New ShopKo prototypes bring harmony to home
Staff Staff -- Home Textiles Today, September 15, 2003
ShopKo's reformatted prototype units have put more harmony into home presentations, pulling together disparate categories for improved adjacenies and jazzing up the merchandise presentation with the retailer's first dressed bed display.
The total store makeover, unveiled last week here and at a unit in Ashwaubenon, WI, features a new warm color palette, more lighting, easy-to-read signage and new wood laminate fixtures. ShopKo has spent $5 million to remodel three units to the set, including a store in Eau Claire, WI, to open in November.
"In all honesty, the store had a very cluttered look," said Sam Duncan, president and ceo. "We had to make sure it was more convenient to shop. We want to create a comfortable atmosphere."
For domestics, the biggest change was made to the adjacencies, Doug Wurl, senior vp/gmm, hardlines and home, told HTT. Now with home decor, RTA furniture and rugs nearby, he said, "the corridor has really become a total home story."

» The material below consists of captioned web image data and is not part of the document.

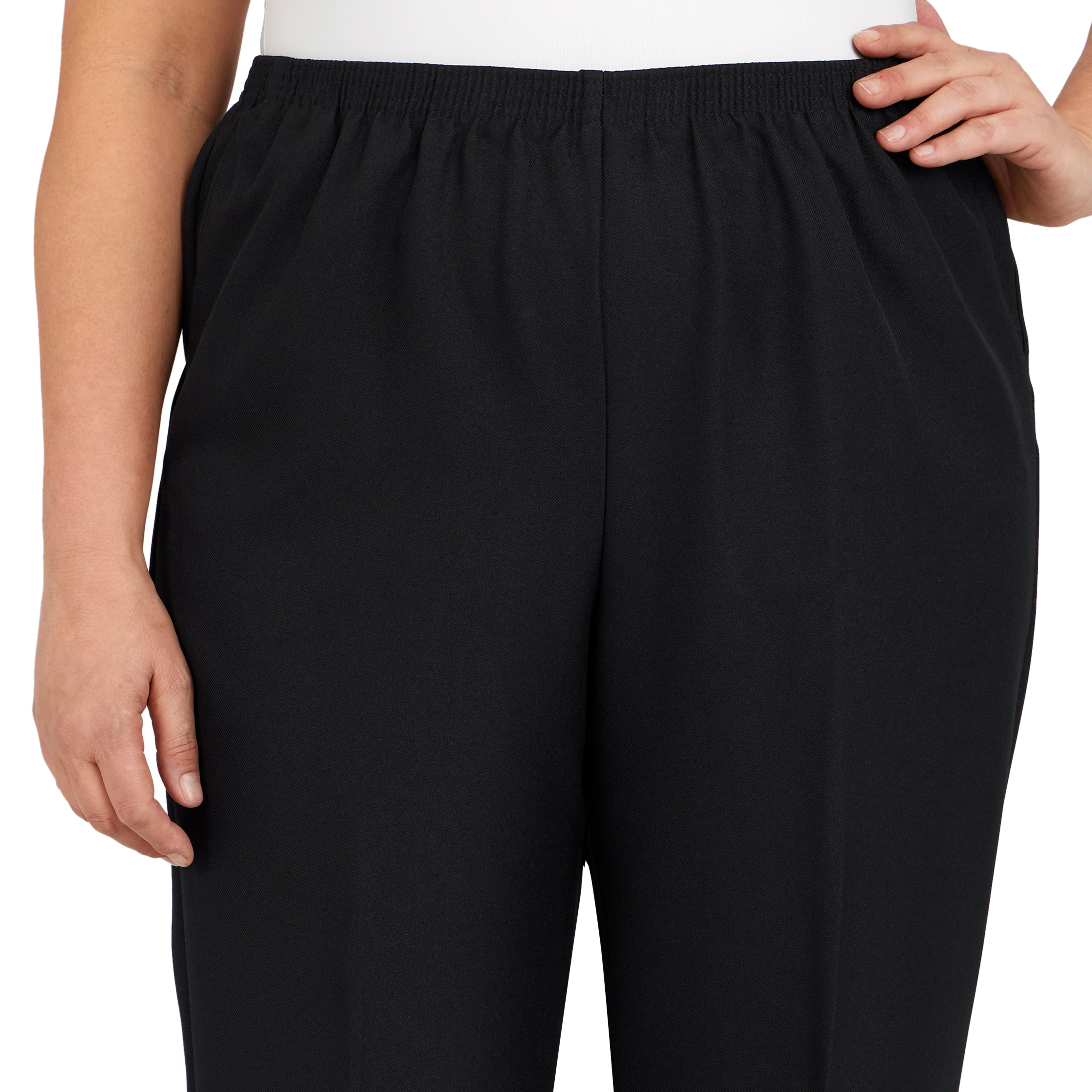 Alfred Dunner Classic Proportioned Pant Average Length - Plus - Image 5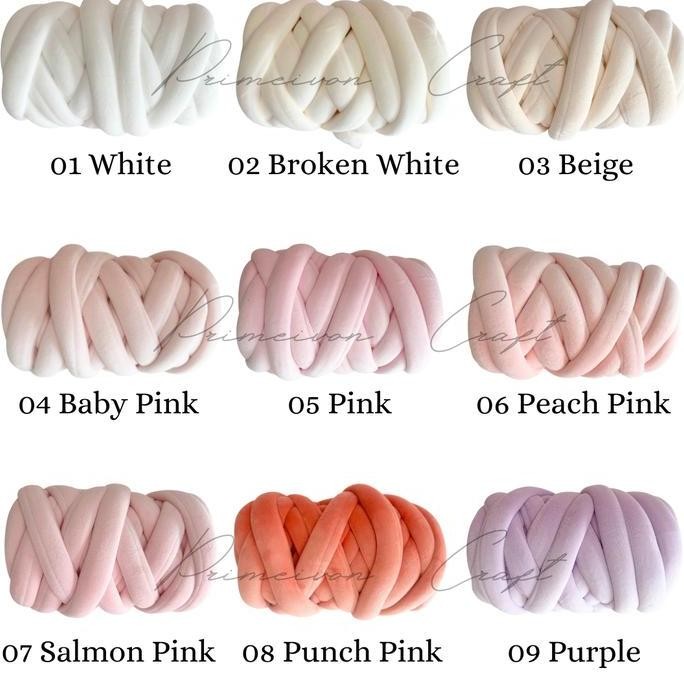

TERBARU - Benang rajut CHUNKY VELVET yarn CVT1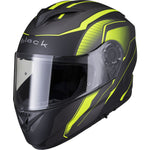 Black Optimus II Infinity Flip Front Motorcycle Helmet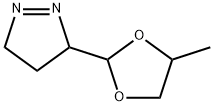 1-Pyrazoline,  3-(4-methyl-1,3-dioxolan-2-yl)-  (8CI) 구조식 이미지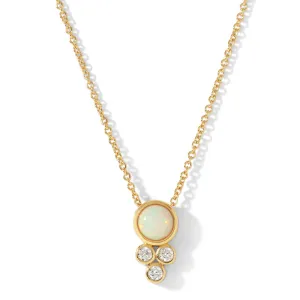 FINAL SALE CAPRI OPAL PENDANT NECKLACE - JOY DRAVECKY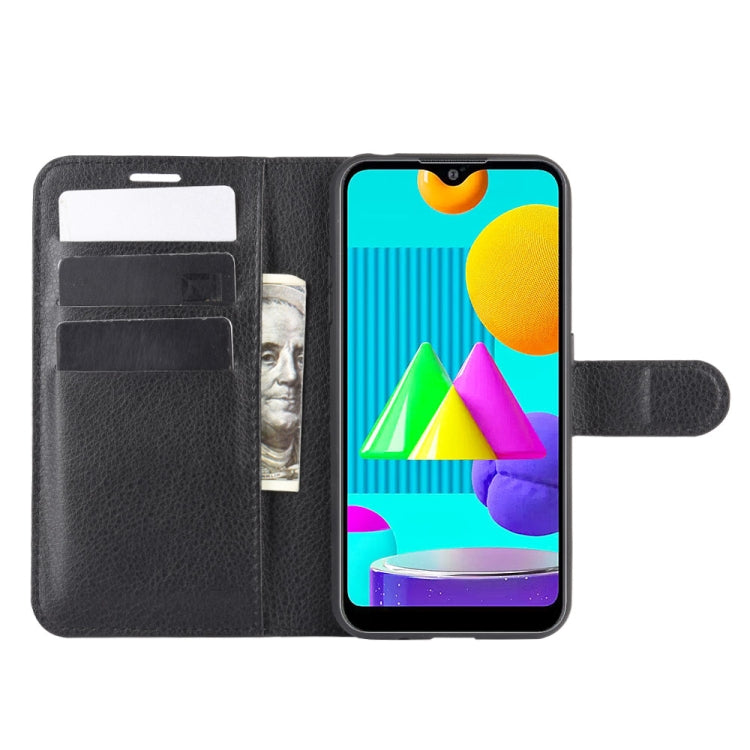 For Samsung Galaxy M01 Litchi Texture Horizontal Flip Protective Case with Holder & Card Slots & Wallet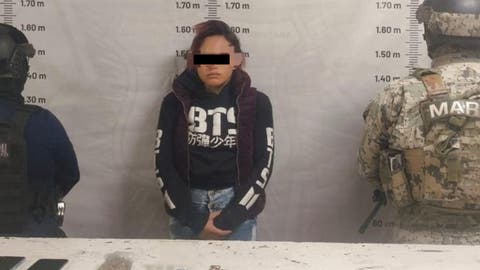 Capturan a Yenifer, Presunta Narcomenudista en poseción de Sustancias Ilícitas en Puebla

The chain also has renewed its focus on merchandise. "There was not enough newness in domestics. We got behind the times, frankly," said Duncan.
The window category was given more space, and ShopKo added warm, wood laminate displays so that customers can "see, touch and feel" the product, Duncan said. "People say our quality is equal to what they see in places like Pottery Barn."
ShopKo expanded the window area, he said, because "we don't do justice on window," especially when one considers the average home has far more windows than beds.
Duncan mentioned that he enjoys walking through The Great Indoors, Bed Bath & Beyond, Kohl's, and Linens 'n Things to see how they merchandise their products. Duncan also bristled at calling ShopKo a discount operator. "I don't like that term." Or the term "mass." He considers ShopKo a "great regional retailer with great names," adding that to differentiate itself it must "enhance the name brands we carry."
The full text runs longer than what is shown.